Mastermind: How to Think Like Sherlock Holmes

Page 21

by Maria Konnikova


  Lucretius called a fool someone who believes that the tallest mountain that exists in the world and the tallest mountain he has ever observed are one and the same. We’d probably brand someone who thought that way foolish as well. And yet we do the same thing every single day. Author and mathematician Nassim Taleb even has a name for it, inspired by the Latin poet: the Lucretius underestimation. (And back in Lucretius’s day, was it so strange to think that your world was limited to what you knew? In some ways, it’s smarter than the mistakes we make today given the ease of knowledge at our disposal.)

  Simply put, we let our own personal past experience guide what we perceive to be possible. Our repertoire becomes an anchor of sorts; it is our reasoning starting point, our place of departure for any further thoughts. And even if we try to adjust from our egocentric perspective, we tend not to adjust nearly enough to matter, remaining stubbornly skewed in a self-directed approach. It’s our storytelling proclivity in another guise: we imagine stories based on the ones we’ve experienced, not the ones we haven’t.

  Learning of historical precedent as well matters little, since we don’t learn in the same way from description as we do from experience. It’s something known as the description-experience gap. Perhaps Watson had read at one time or another about a daring rooftop entrance, but because he has never had direct experience from it, he will not have processed the information in the same way and is not likely to use it in the same manner when trying to solve a problem. Lucretius’s fool? Having read of high peaks, he may still not believe they exist. I want to see them with my own two eyes, he’ll say. What am I, some kind of fool? Absent a direct precedent, the improbable seems so near impossible that Holmes’s maxim falls by the wayside.

  And yet distinguishing the two is an essential ability to have. For, even if we have successfully separated the crucial from the incidental, even if we’ve gathered all of the facts (and their implications) and have focused on the ones that are truly relevant, we are lost if we don’t let our minds think of the roof, however unlikely it is, as a possible entry point into a room. If, like Watson, we dismiss it out of hand—or fail to even think about—we will never be able to deduce those alternatives that would flow directly from our reasoning if only we’d let them.

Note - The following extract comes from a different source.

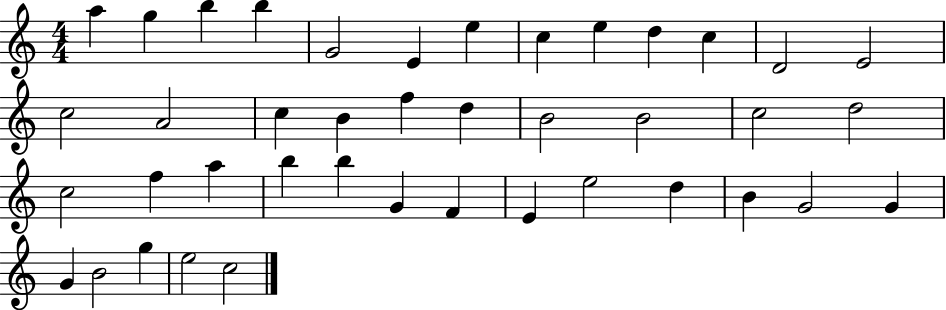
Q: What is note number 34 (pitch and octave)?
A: B4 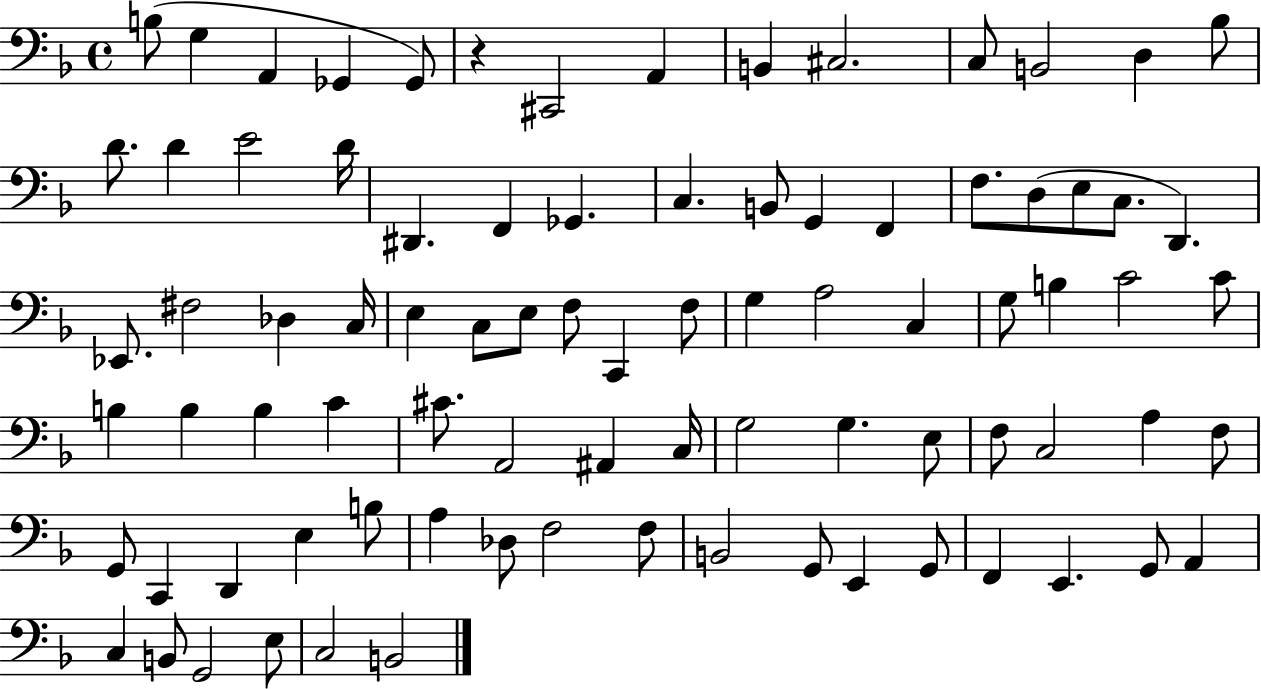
B3/e G3/q A2/q Gb2/q Gb2/e R/q C#2/h A2/q B2/q C#3/h. C3/e B2/h D3/q Bb3/e D4/e. D4/q E4/h D4/s D#2/q. F2/q Gb2/q. C3/q. B2/e G2/q F2/q F3/e. D3/e E3/e C3/e. D2/q. Eb2/e. F#3/h Db3/q C3/s E3/q C3/e E3/e F3/e C2/q F3/e G3/q A3/h C3/q G3/e B3/q C4/h C4/e B3/q B3/q B3/q C4/q C#4/e. A2/h A#2/q C3/s G3/h G3/q. E3/e F3/e C3/h A3/q F3/e G2/e C2/q D2/q E3/q B3/e A3/q Db3/e F3/h F3/e B2/h G2/e E2/q G2/e F2/q E2/q. G2/e A2/q C3/q B2/e G2/h E3/e C3/h B2/h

  We use the best metric of the future—the past. It’s natural to do so, but that doesn’t mean it’s accurate. The past doesn’t often make room for the improbable. It constrains our deduction to the known, the likely, the probable. And who is to say that the evidence, if taken together and properly considered, doesn’t lead to an alternative beyond these realms?

  Let’s go back for a moment to “Silver Blaze.” Sherlock Holmes emerges triumphant, it’s true—the horse is found, as is the trainer’s murderer—but not after a delay that is uncharacteristic of the great detective. He is late to the investigation (three days late, to be specific), losing valuable time at the scene. Why? He does just what he reprimands Watson for doing: he fails to apply the precept that the improbable is not yet the impossible, that it must be considered along with the more likely alternatives.

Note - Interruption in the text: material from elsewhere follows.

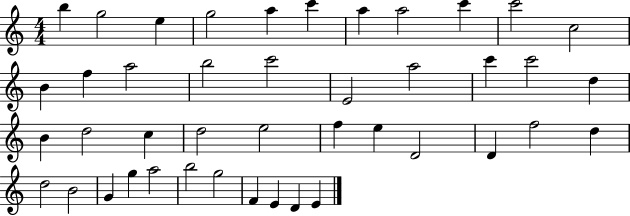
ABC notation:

  As Holmes and Watson head to Dartmoor to help with the investigation, Holmes mentions that on Tuesday evening both the horse’s owner and Inspector Gregson had telegraphed for his assistance on the case. The flummoxed Watson responds, “Tuesday evening! And this is Thursday morning. Why didn’t you go down yesterday?” To which Holmes answers, “Because I made a blunder, my dear Watson—which is, I am afraid, a more common occurrence than anyone would think who only knew me through your memoirs. The fact is that I could not believe it possible that the most remarkable horse in England could long remain concealed, especially in so sparsely inhabited a place as the north of Dartmoor.”

  Holmes has dismissed the merely improbable as impossible and has failed to act in a timely fashion as a result. In so doing, he has reversed the usual Holmes-Watson exchange, making Watson’s reprimand uncharacteristically well warranted and on point.

  Even the best and sharpest mind is necessarily subject to its owner’s unique experience and world perception. While a mind such as Holmes’s is, as a rule, able to consider even the most remote of possibilities, there are times when it, too, becomes limited by preconceived notions, by what is available to its repertoire at any given point. In short, even Holmes is limited by the architecture of his brain attic.

  Holmes sees a horse of exceptional appearance missing in a rural area. Everything in his experience tells him it can’t go missing for long. His logic is as follows: if the horse is the most remarkable such animal in the whole of England, then how could it go under the radar in a remote area where hiding places are limited? Surely someone would notice the beast, dead or alive, and make a report. And that would be perfect deduction from the facts, if it happened to be true. But it is Thursday, the horse has been missing since Tuesday, and the report has failed to come. What is it then that Holmes failed to take into account?

  A horse couldn’t remain concealed if it could still be recognized as that horse. The possibility of disguising the animal doesn’t cross the great detective’s mind; if it had, surely he wouldn’t have discounted the likelihood of the animal remaining hidden. What Holmes sees isn’t just what there is; he is also seeing what he knows. Were we to witness something that in no way fit with past schemas, had no counterpart in our memory, we would likely not know how to interpret it—or we may even fail to see it altogether, and instead see what we were expecting all along.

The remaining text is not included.